--- LISTED ENTRIES ---
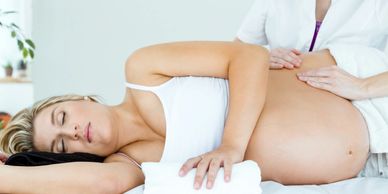 Prenatal Massage, woman is lying on her side with towel.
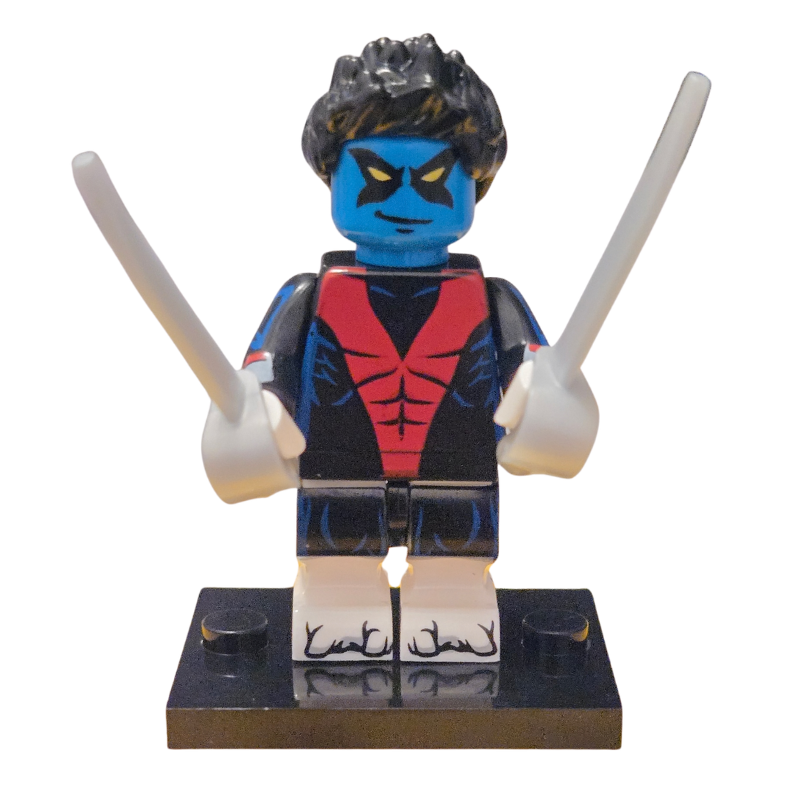 Toy figure with blue face, black hair, red and black outfit on a white background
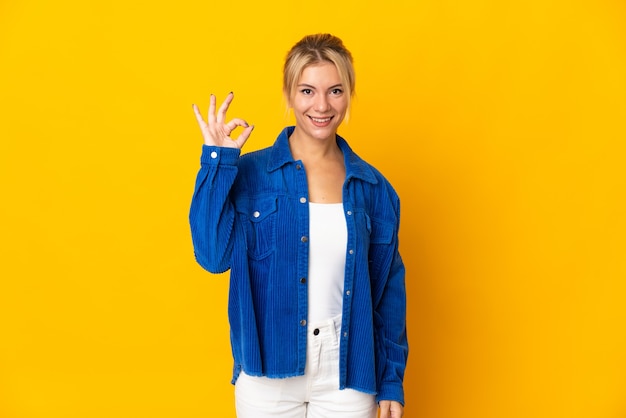 Joven mujer rusa aislada sobre fondo amarillo mostrando el signo de ok con los dedos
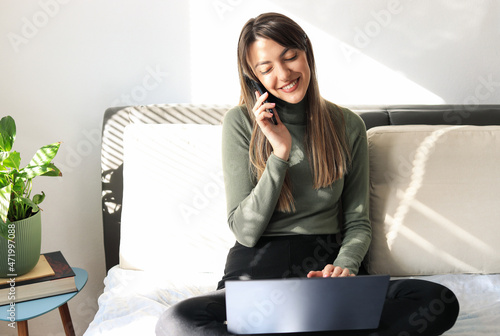 Young woman sits on a bed, writes on a laptop and talks on the phone.
Beautiful woman sitting on a bed occupied by a laptop and a telephone.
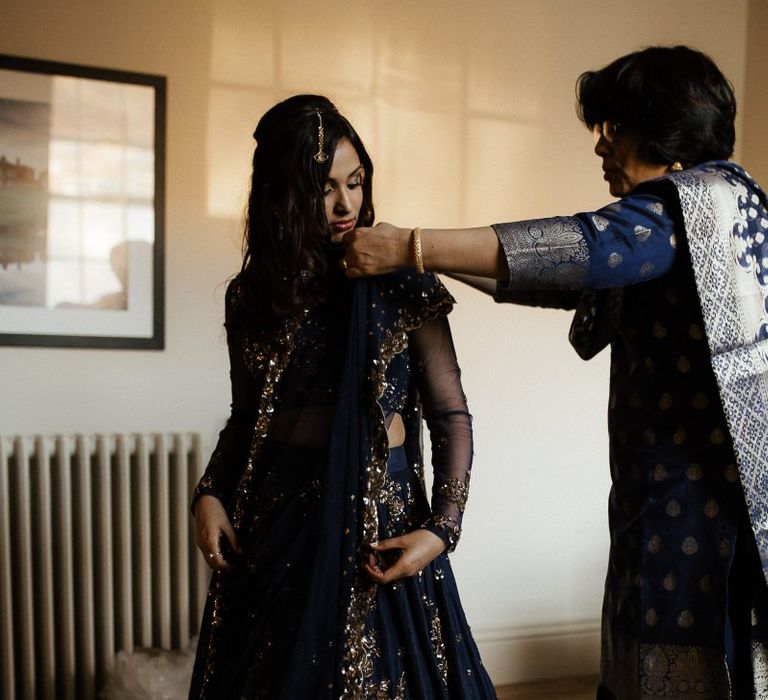 Bride changes into navy Indian wedding dress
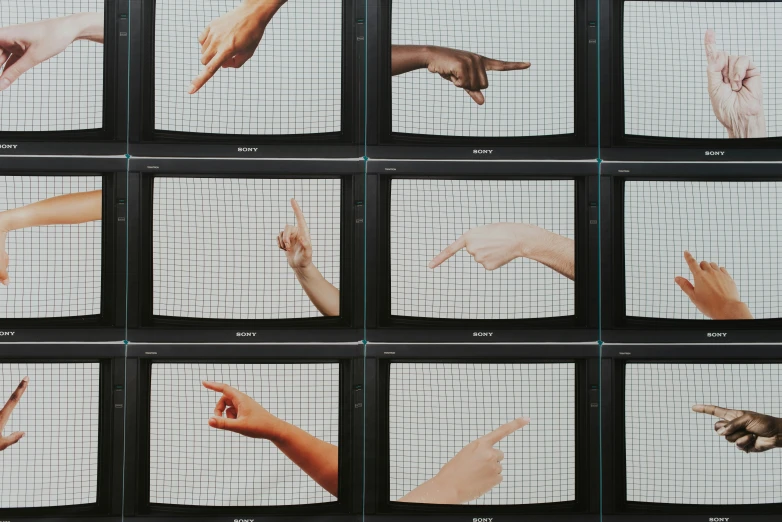 multiple hands pointing toward each other across white grids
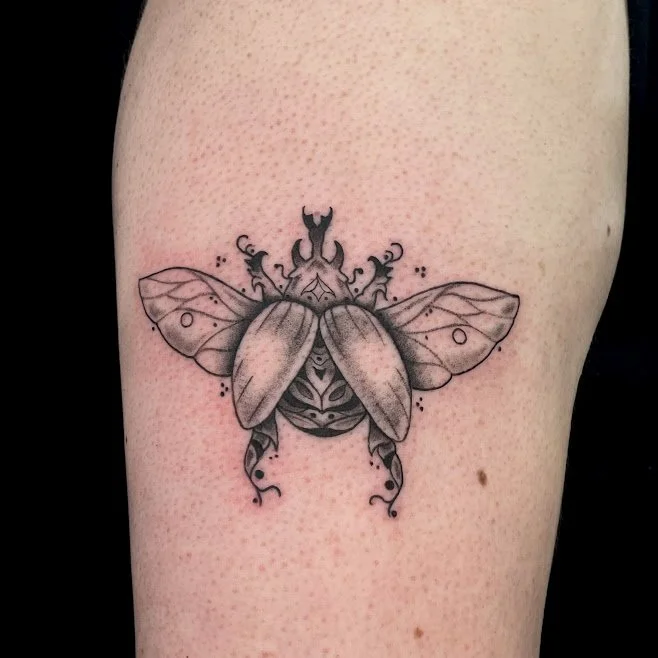Black and gray tattoo of a bee with decorative patterns on its body and wings on a person's skin.
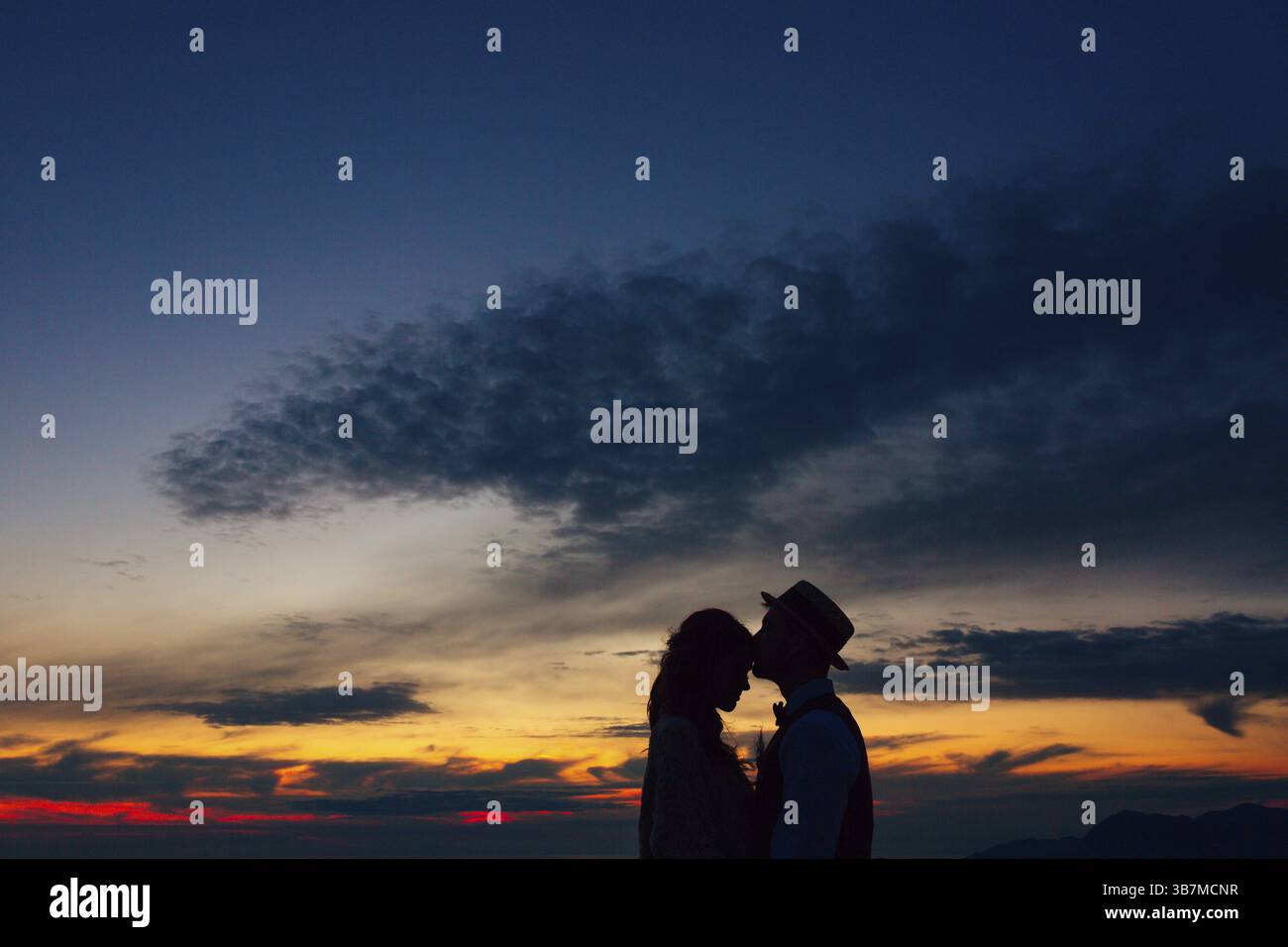 La silhouette dello sposo nel cappello bacia la sposa sulla fronte al tramonto. Foto Stock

--- TASK TO CARRY OUT ---
Output each entry above word for word. The pictures stay out.

--- EXERCISE RESPONSE ---
 Prenatal Massage, woman is lying on her side with towel.
 Toy figure with blue face, black hair, red and black outfit on a white background
 Joven mujer rusa aislada sobre fondo amarillo mostrando el signo de ok con los dedos
 Young woman sits on a bed, writes on a laptop and talks on the phone.
Beautiful woman sitting on a bed occupied by a laptop and a telephone.
 Bride changes into navy Indian wedding dress
 multiple hands pointing toward each other across white grids
Black and gray tattoo of a bee with decorative patterns on its body and wings on a person's skin.
 La silhouette dello sposo nel cappello bacia la sposa sulla fronte al tramonto. Foto Stock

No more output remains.